| EXERCISE |
Transcribe all of the records, leaving out any pictures.

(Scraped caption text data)
========

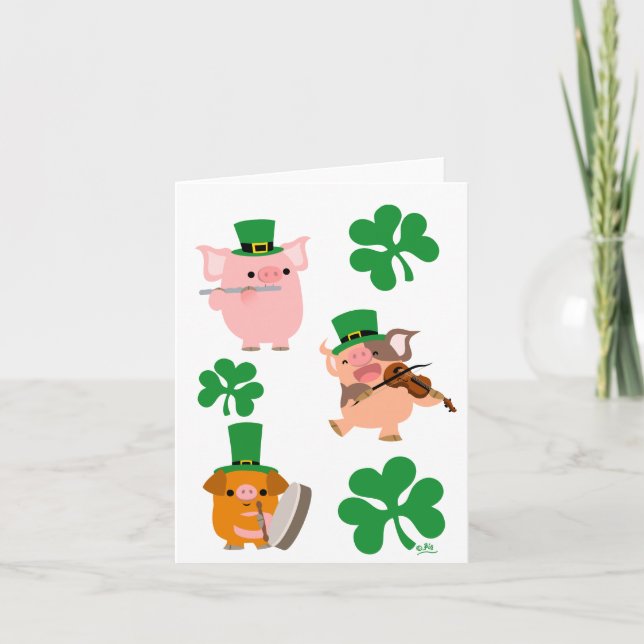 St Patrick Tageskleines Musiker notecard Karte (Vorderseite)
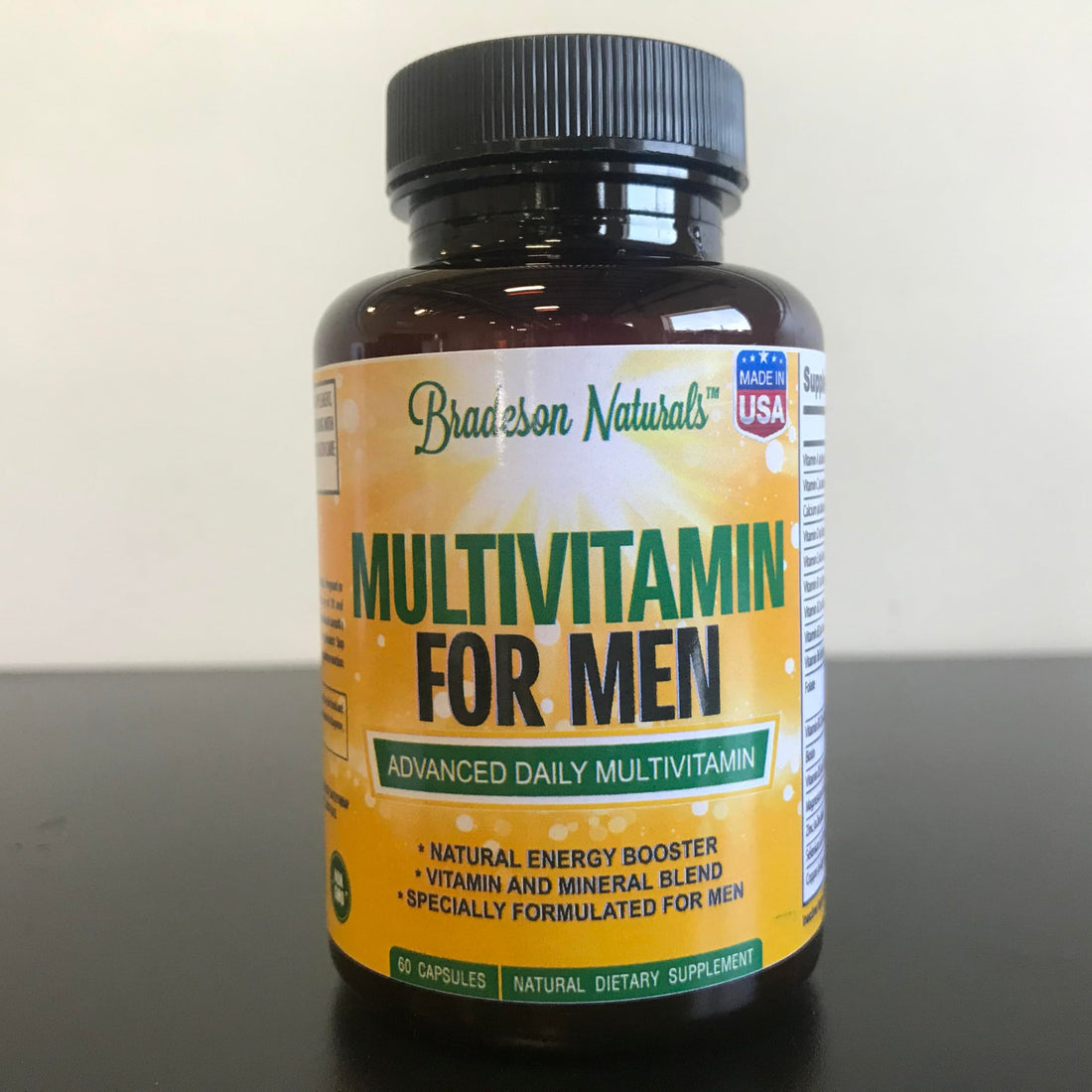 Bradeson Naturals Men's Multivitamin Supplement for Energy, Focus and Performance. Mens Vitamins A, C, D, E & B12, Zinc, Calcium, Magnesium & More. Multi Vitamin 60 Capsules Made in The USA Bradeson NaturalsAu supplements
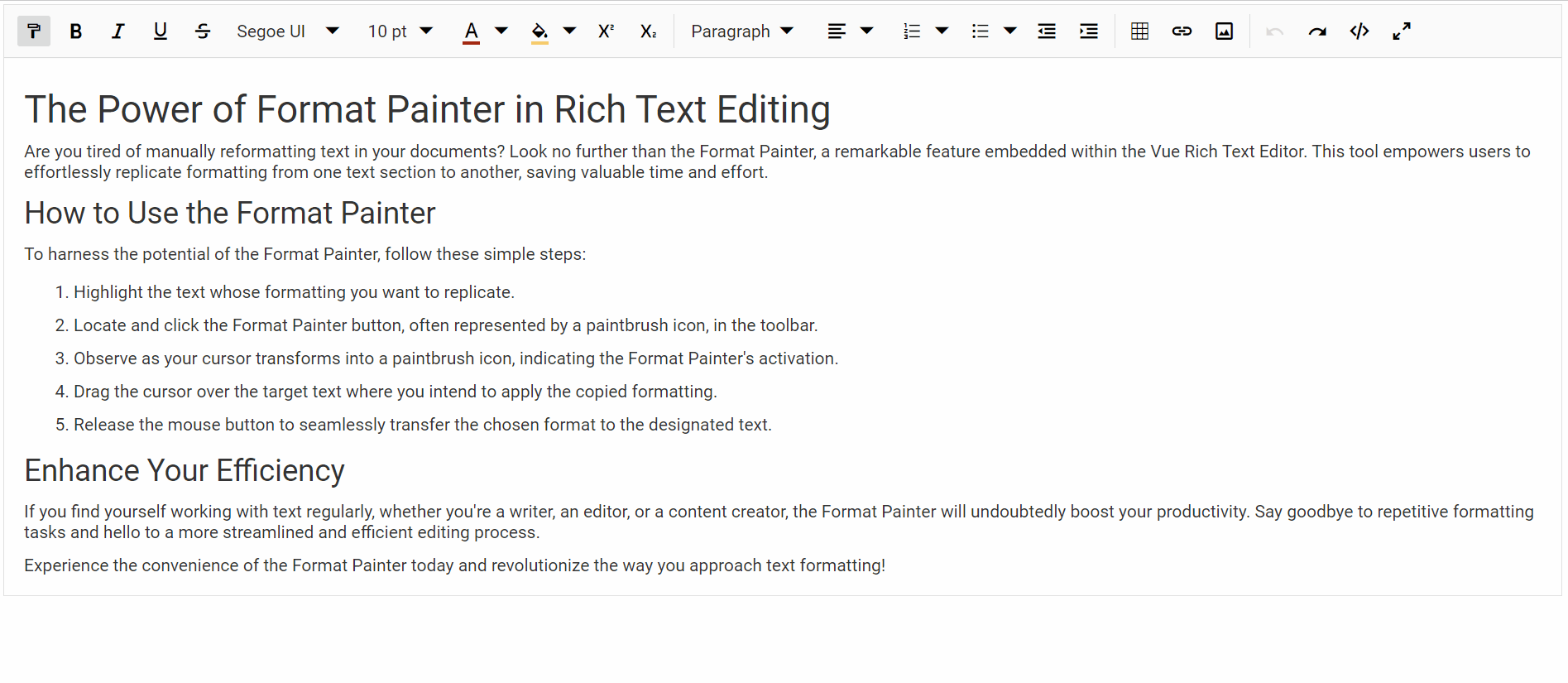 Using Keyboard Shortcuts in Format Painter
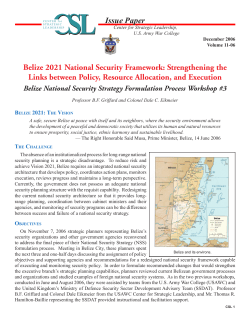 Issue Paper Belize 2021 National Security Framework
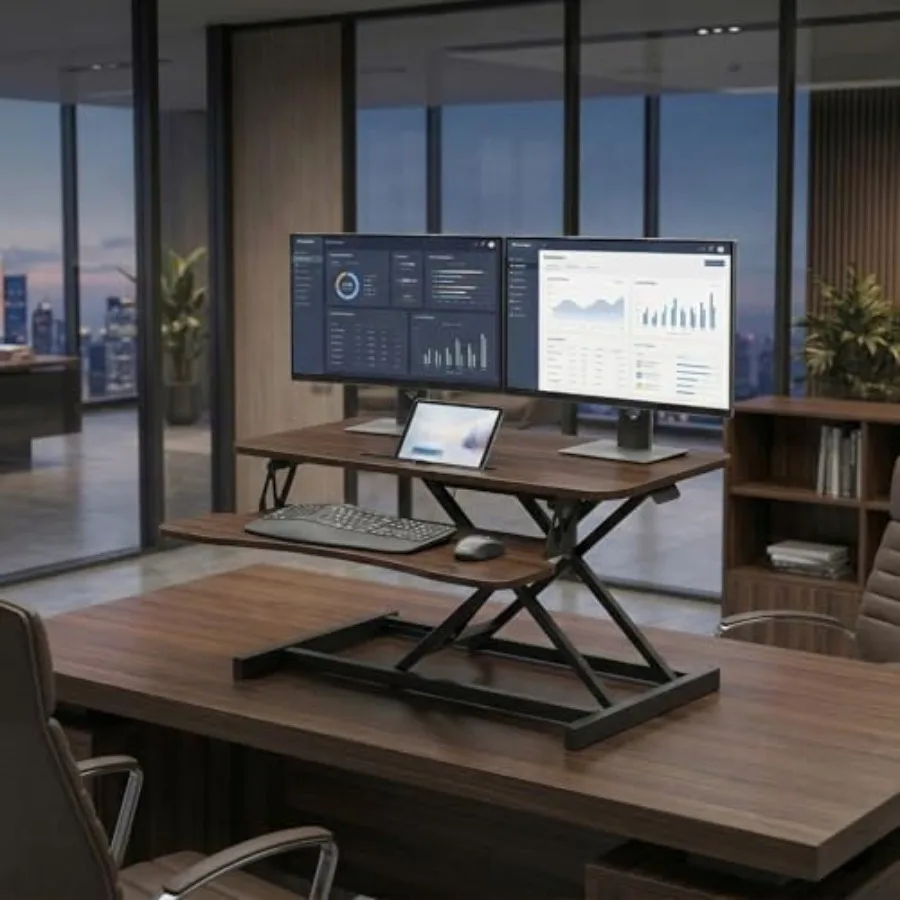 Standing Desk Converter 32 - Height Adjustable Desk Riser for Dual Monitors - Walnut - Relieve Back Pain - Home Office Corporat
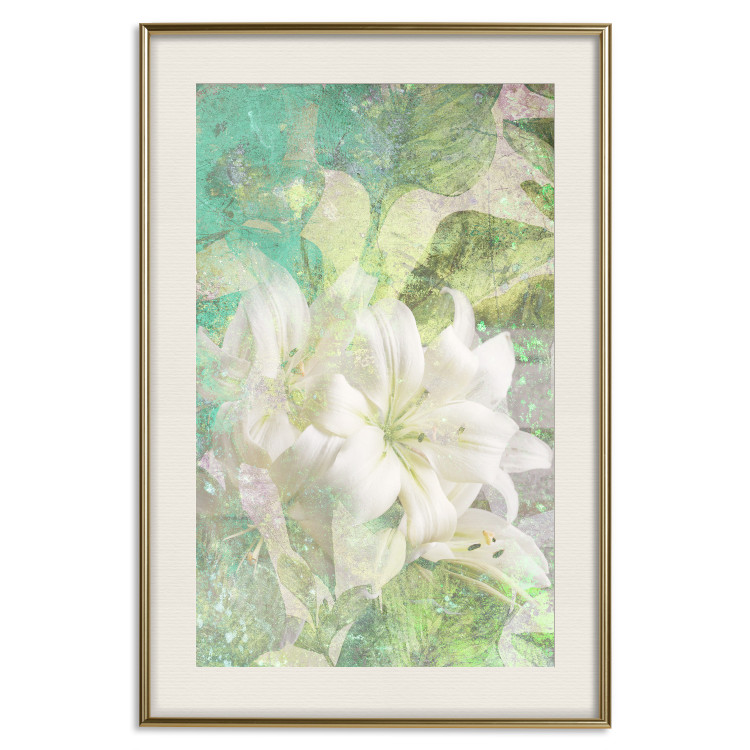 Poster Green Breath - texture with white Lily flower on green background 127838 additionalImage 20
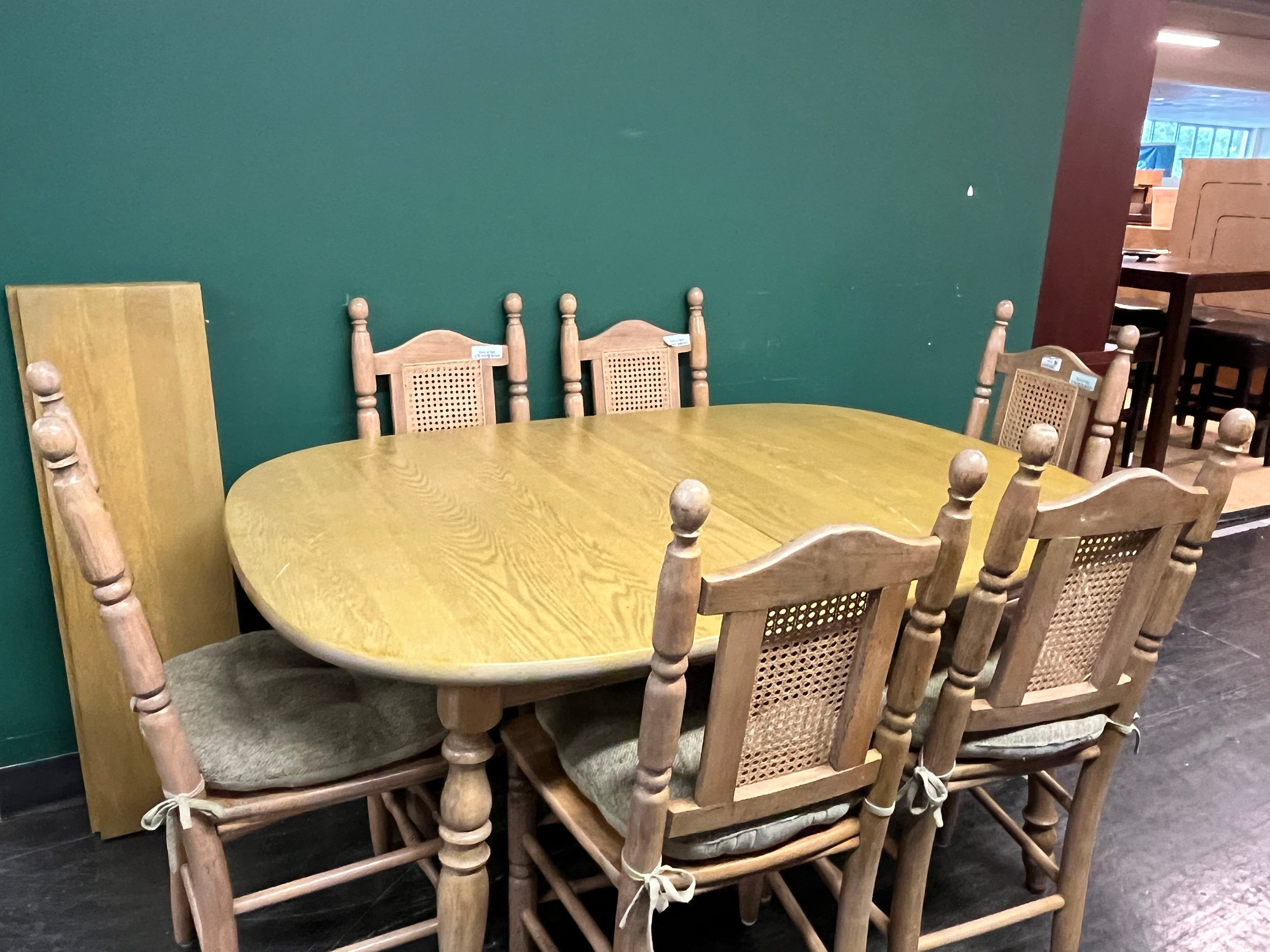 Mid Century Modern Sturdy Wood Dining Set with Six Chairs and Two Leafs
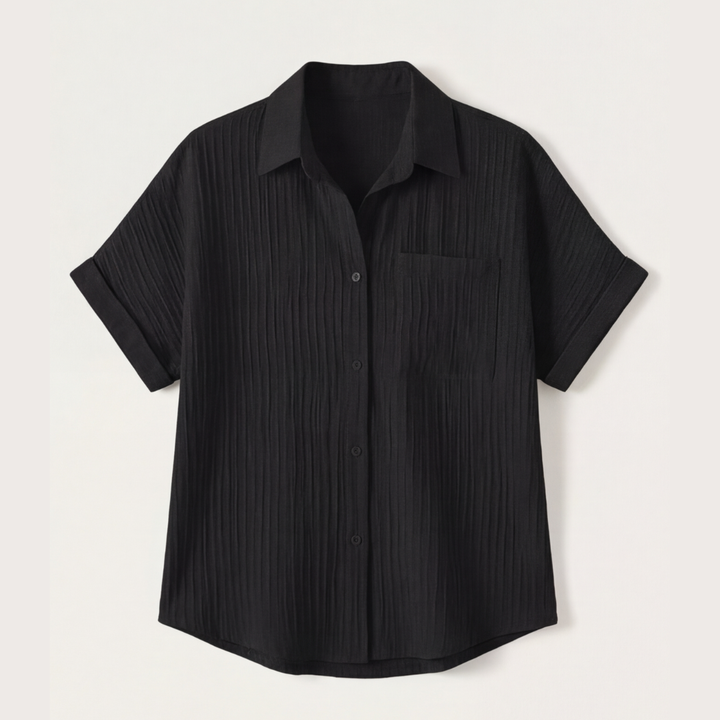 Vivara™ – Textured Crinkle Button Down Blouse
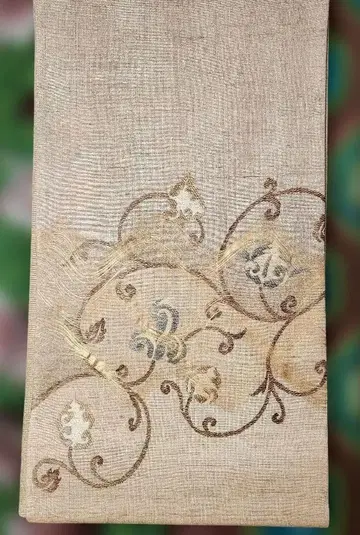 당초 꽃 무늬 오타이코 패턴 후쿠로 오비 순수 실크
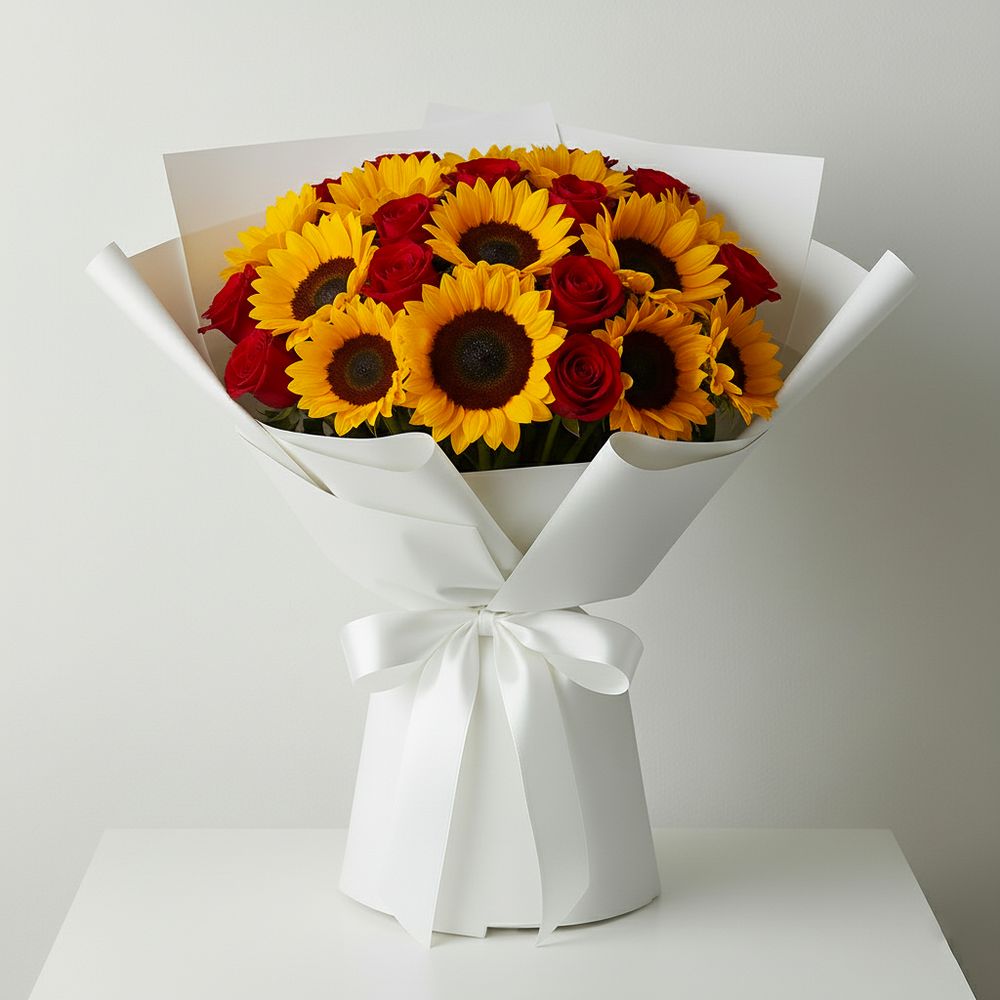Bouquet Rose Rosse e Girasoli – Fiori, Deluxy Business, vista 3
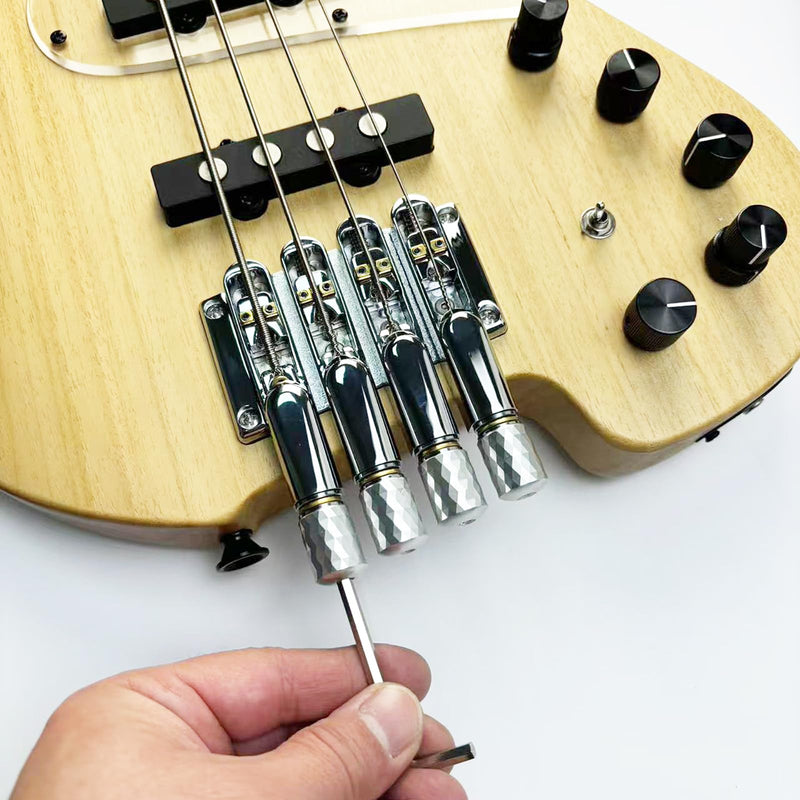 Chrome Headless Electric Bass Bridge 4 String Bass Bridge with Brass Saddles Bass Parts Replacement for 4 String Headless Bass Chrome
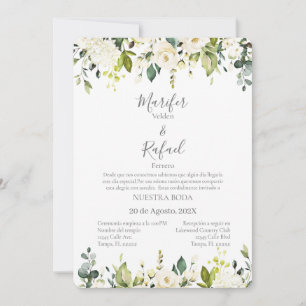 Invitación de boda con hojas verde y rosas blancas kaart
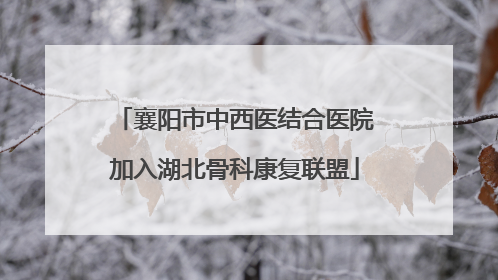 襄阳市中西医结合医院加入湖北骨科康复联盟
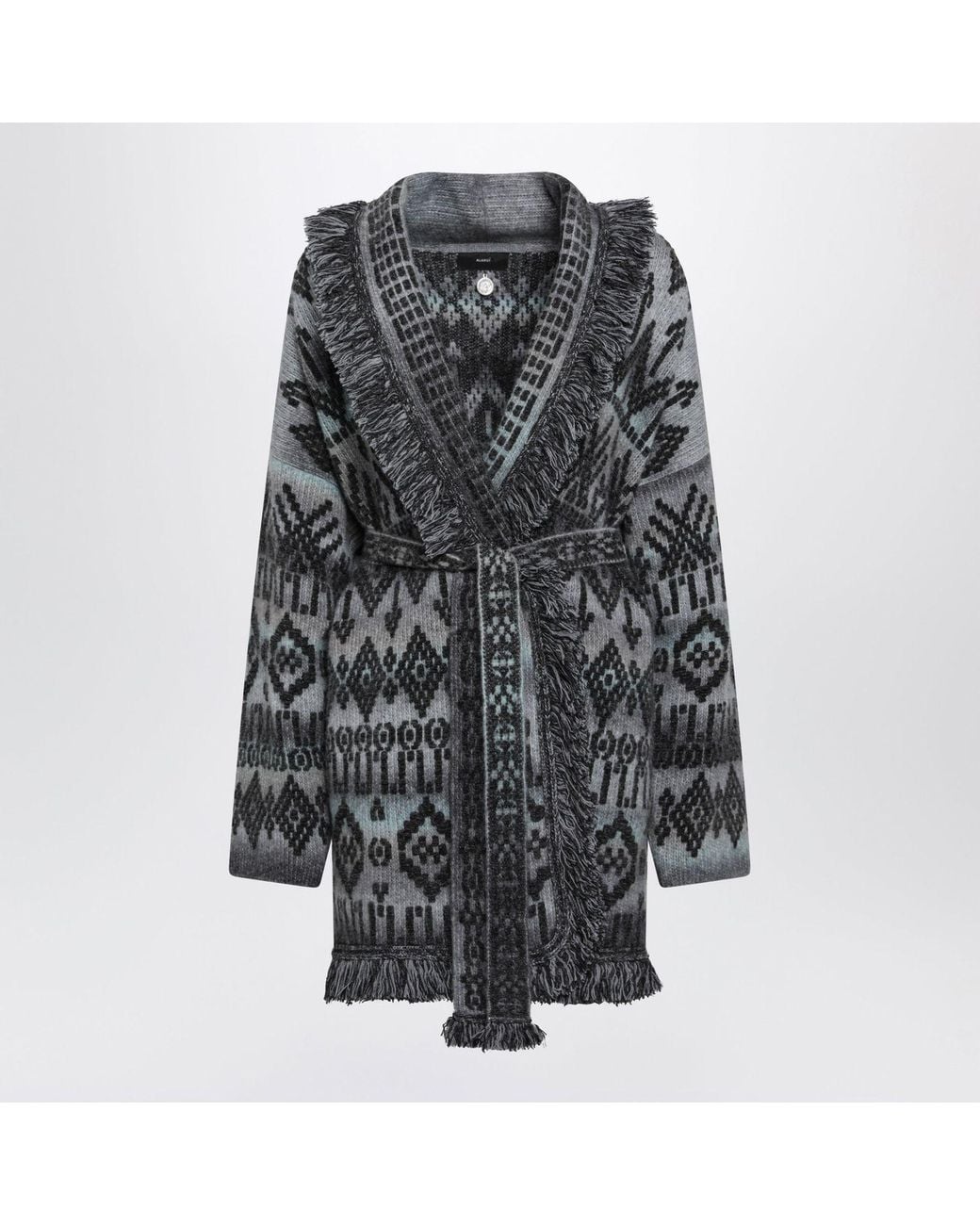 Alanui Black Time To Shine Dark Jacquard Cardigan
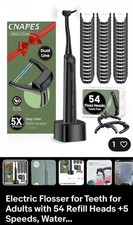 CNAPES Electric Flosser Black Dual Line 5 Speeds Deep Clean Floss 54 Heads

========

| RESPONSE |
 St Patrick Tageskleines Musiker notecard Karte (Vorderseite)
 Bradeson Naturals Men's Multivitamin Supplement for Energy, Focus and Performance. Mens Vitamins A, C, D, E & B12, Zinc, Calcium, Magnesium & More. Multi Vitamin 60 Capsules Made in The USA Bradeson NaturalsAu supplements
 Using Keyboard Shortcuts in Format Painter
 Issue Paper Belize 2021 National Security Framework
 Standing Desk Converter 32 - Height Adjustable Desk Riser for Dual Monitors - Walnut - Relieve Back Pain - Home Office Corporat
 Poster Green Breath - texture with white Lily flower on green background 127838 additionalImage 20
 Mid Century Modern Sturdy Wood Dining Set with Six Chairs and Two Leafs
 Vivara™ – Textured Crinkle Button Down Blouse
 당초 꽃 무늬 오타이코 패턴 후쿠로 오비 순수 실크
Bouquet Rose Rosse e Girasoli – Fiori, Deluxy Business, vista 3
 Chrome Headless Electric Bass Bridge 4 String Bass Bridge with Brass Saddles Bass Parts Replacement for 4 String Headless Bass Chrome
 Invitación de boda con hojas verde y rosas blancas kaart
 襄阳市中西医结合医院加入湖北骨科康复联盟
 Alanui Black Time To Shine Dark Jacquard Cardigan
 CNAPES Electric Flosser Black Dual Line 5 Speeds Deep Clean Floss 54 Heads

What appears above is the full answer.